SOURCE INFORMATION:
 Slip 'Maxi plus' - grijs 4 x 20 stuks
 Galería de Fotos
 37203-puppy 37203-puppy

==

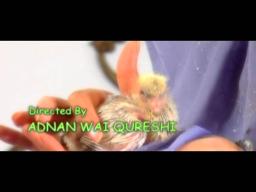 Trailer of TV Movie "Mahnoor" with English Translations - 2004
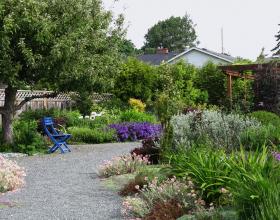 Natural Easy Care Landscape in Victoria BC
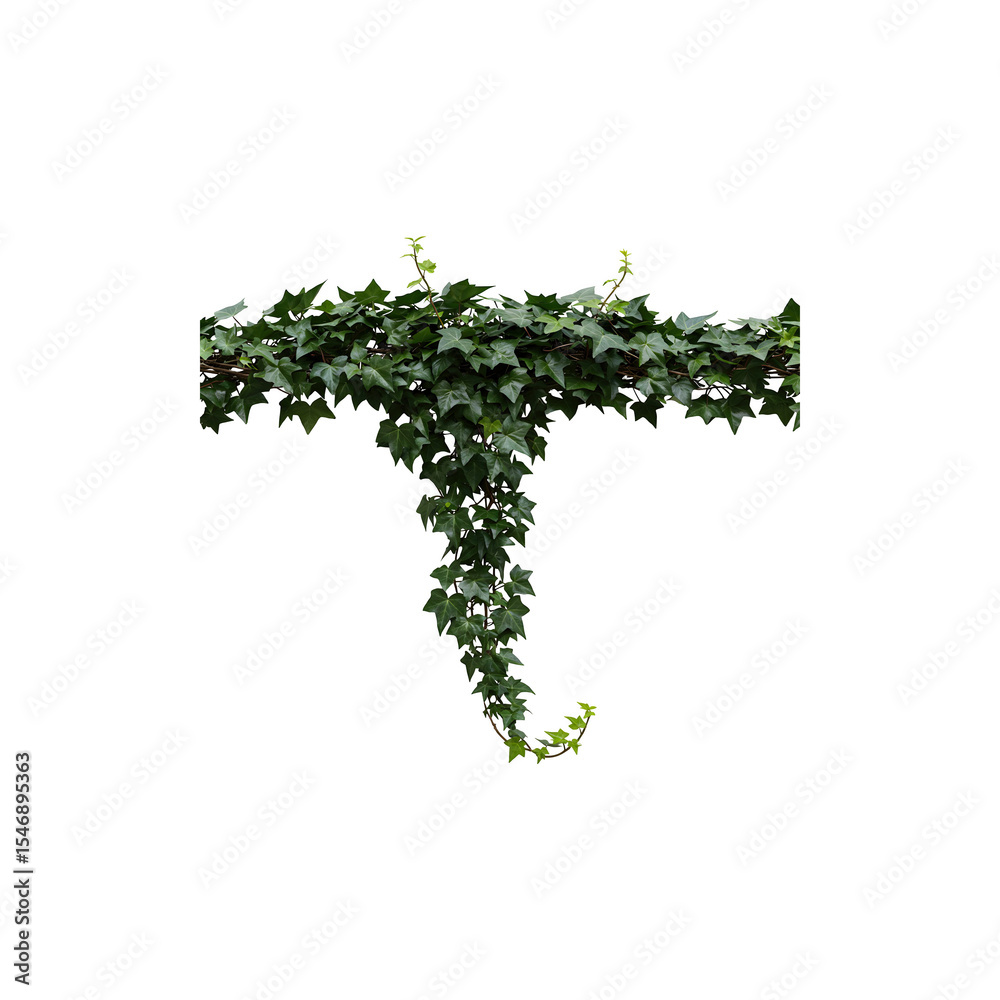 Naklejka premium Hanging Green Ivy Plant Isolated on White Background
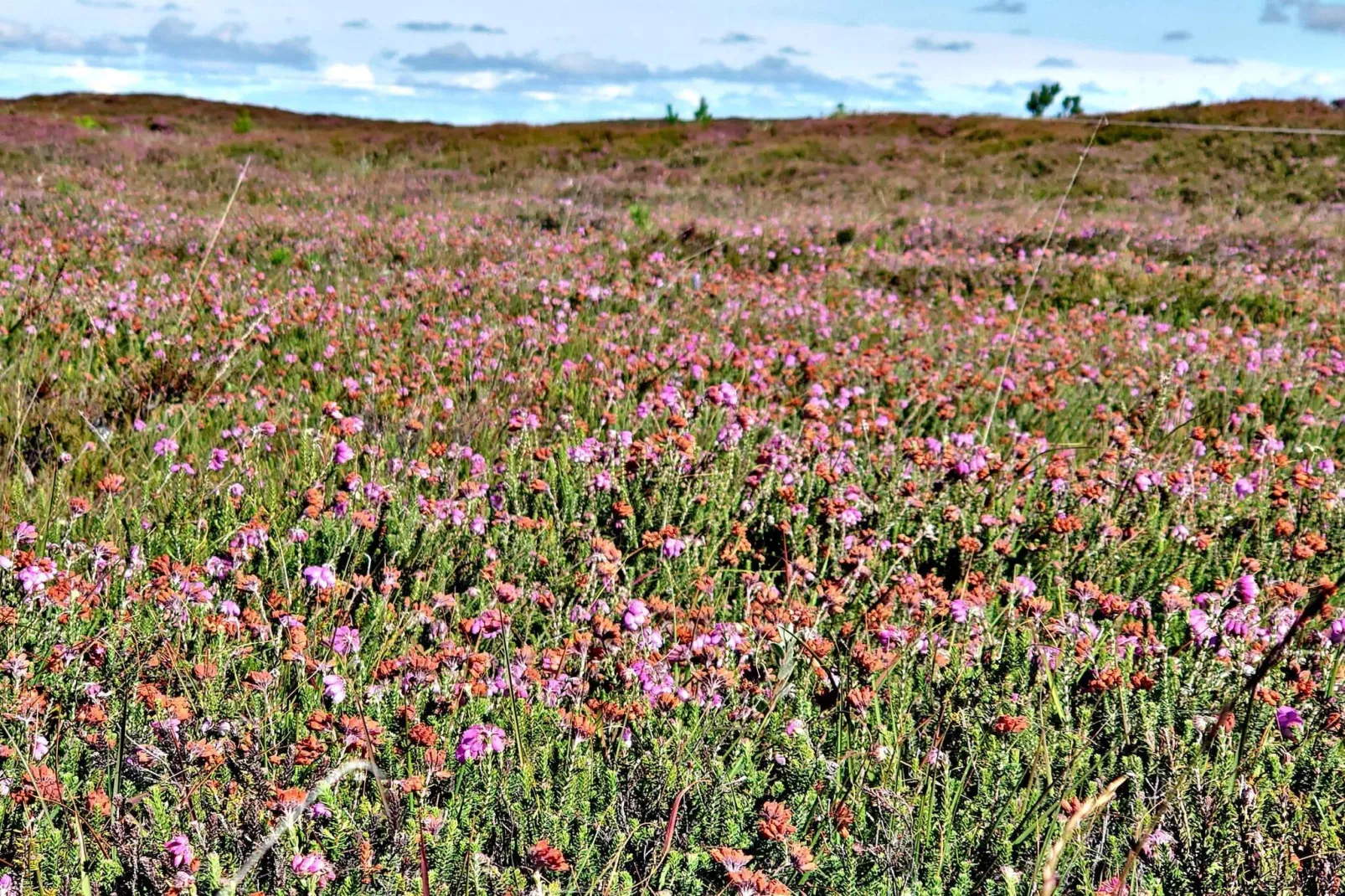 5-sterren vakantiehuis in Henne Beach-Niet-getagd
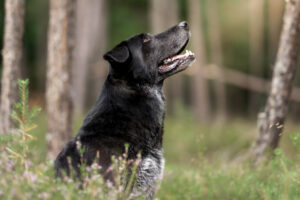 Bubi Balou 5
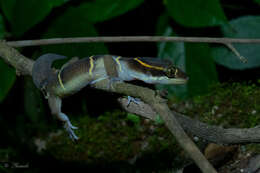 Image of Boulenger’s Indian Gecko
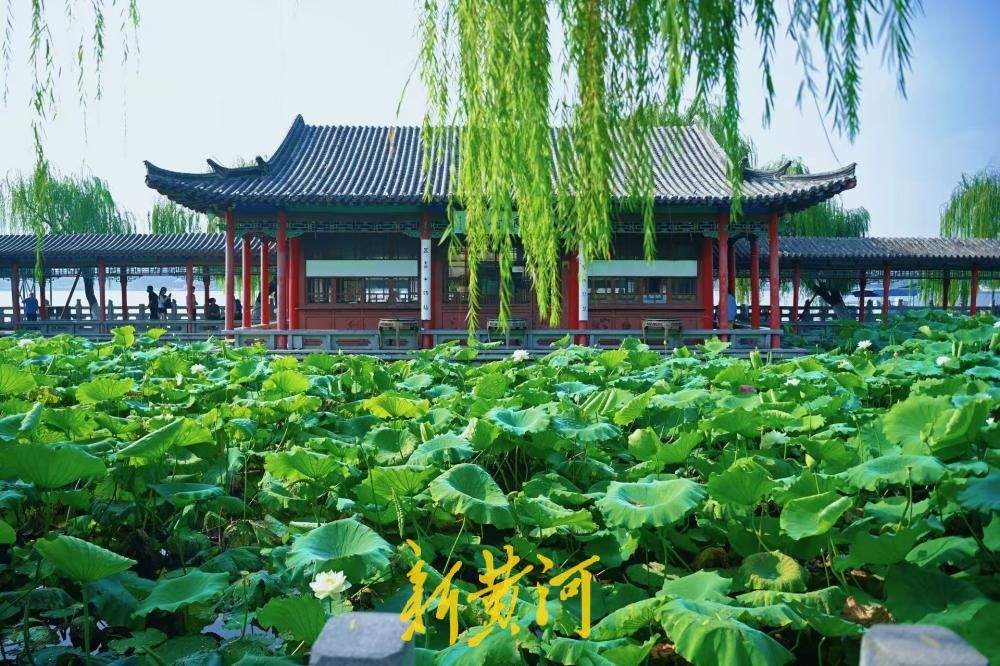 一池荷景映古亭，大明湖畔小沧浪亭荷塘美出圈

WHAT THE TASK ASKS: In the entries above, find the line with "Image of Boulenger’s Indian Gecko" and the line with "一池荷景映古亭，大明湖畔小沧浪亭荷塘美出圈". Return exactly those lines and all the ones between them, pictures excluded.

RESULT:
 Image of Boulenger’s Indian Gecko
 一池荷景映古亭，大明湖畔小沧浪亭荷塘美出圈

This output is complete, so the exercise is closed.